Dear
@Peter Kemp,
Dear Jonathan,
Thank you for your reply.
People with ME are surely lucky to have some advocates who are well versed in political strategies, who know how committees work and how they can be manoeuvred with the best of intentions. The VIRAS approach (and my personal approach) has been to base arguments on the fundamental principals of science and research. This comes from my long-standing belief that these are and always have been, 100% on the side of patients. PWME have nothing to fear from good science and research, but they have every reason to mistrust political sophistry. That is not to say that the latter has anything inherently wrong with it, but it can easily be used wrongly, which IMO genuine science and research cannot.
You repeatedly imply that the VIRAS comments will annoy the NICE committee, but you do not explain why they would find them annoying, nor why NICE would not welcome challenging comments and questions, as any serious and sincere scientist or researcher would. If anything, you seem to take a dimmer view of the committee than VIRAS, at least we give them the benefit of the doubt, that they will take on board legitimate concerns, rather than throwing their toys out of the pram like a lot of brats. You have yet to point out any inaccuracies in our comments, or why the NICE remarks which we challenge are actually correct and should remain unaltered.
It seems from your remarks that getting rid of, or keeping GET and CBT in the NICE guideline is hanging in the balance. IMO it is much worse than that. Research into these ‘treatments’ dominates clinical trials. If NICE proceed on the basis that patients with ‘fatigue’ are legitimate ‘ME/CFS’ participants in research, then the literature search for clinical trials, can only reach one conclusion. GET and CBT are the only evidence based treatments for PWME. In fact in keeping with their claim to produce ‘evidence-based’ guidelines, NICE will have no alternative but to recommend them as treatments for ‘mildly’ to ‘moderately’ affected patients.

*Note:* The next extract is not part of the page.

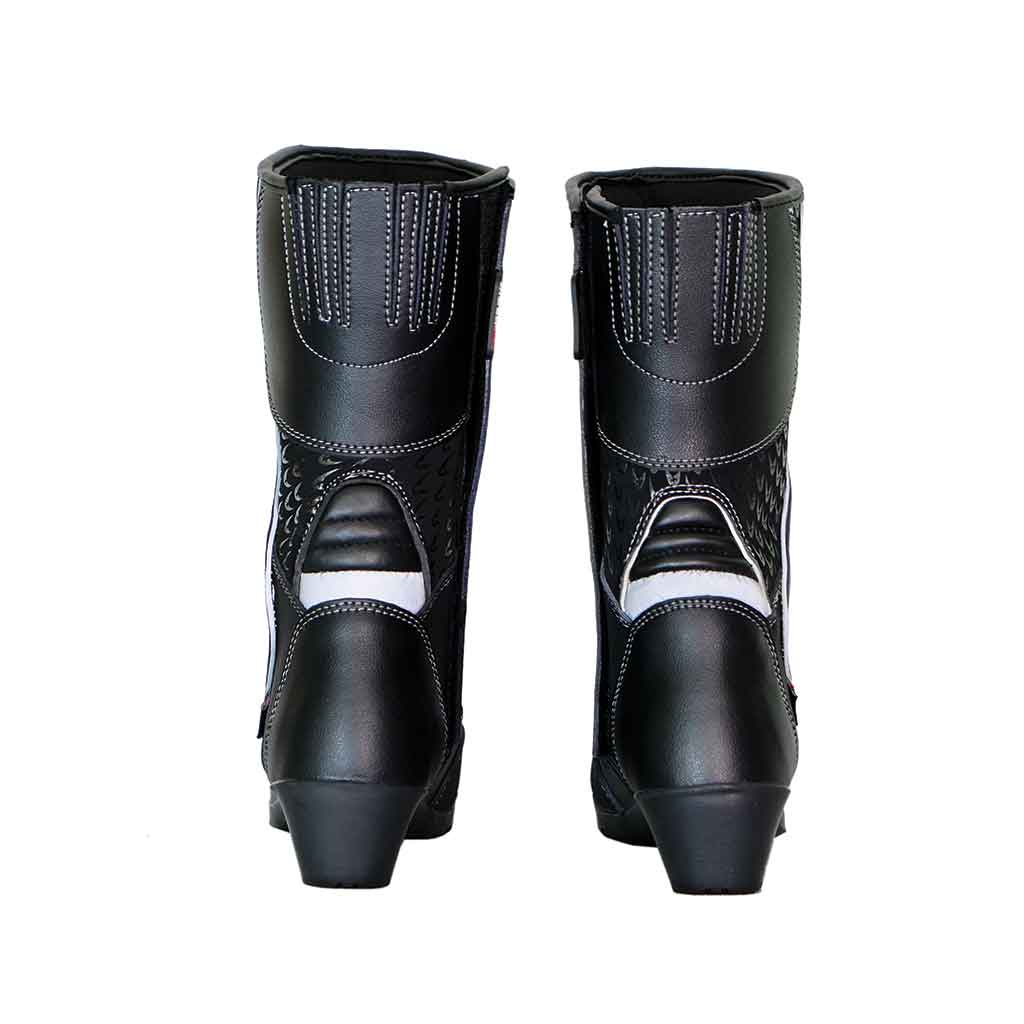 Shop Women's Motorcycle Boots Ladies Motorbike Boots Australia
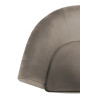 Sofa Glamour podstawa czarna MG09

The strongest argument against these trials is that they include people who only have fatigue and were therefore not researching M.E. or CFS. Because I am doing my own analysis of the PACE Trial, I have not read the doubtless, marvellous work of Matthees and Wilshire, but I have seen some summaries and charts. My sense is that whilst they raise serious issues about the conduct and analysis of the research, they have not demolished all the findings.
Furthermore, even if the PACE Trial was withdrawn or downgraded, GET and CBT would still stand-out as the treatments of choice based on published clinical trials. It would be a moral victory for patients if NICE stated in its guideline that the PACE Trial was biased and represented ‘very poor quality’ evidence, but that would not expunge GET and CBT from its recommendations. If anyone doubts this, please ask yourself this question: “how did GET and CBT get into the first NICE guideline?” It was published 3.5 years before the PACE Trial was published. Even without the PACE trial there are now even more clinical trials using those ‘interventions’.
In modern times, I acknowledge that political sophistry probably has more weight and influence than a scientific approach, but VIRAS will leave that to others who know what they are doing, and we will stick to what we know. I remember only too well what happened when Action for ME tried their clumsy hand at that game, they helped to get ethical approval for the PACE Trial and sold out the patients.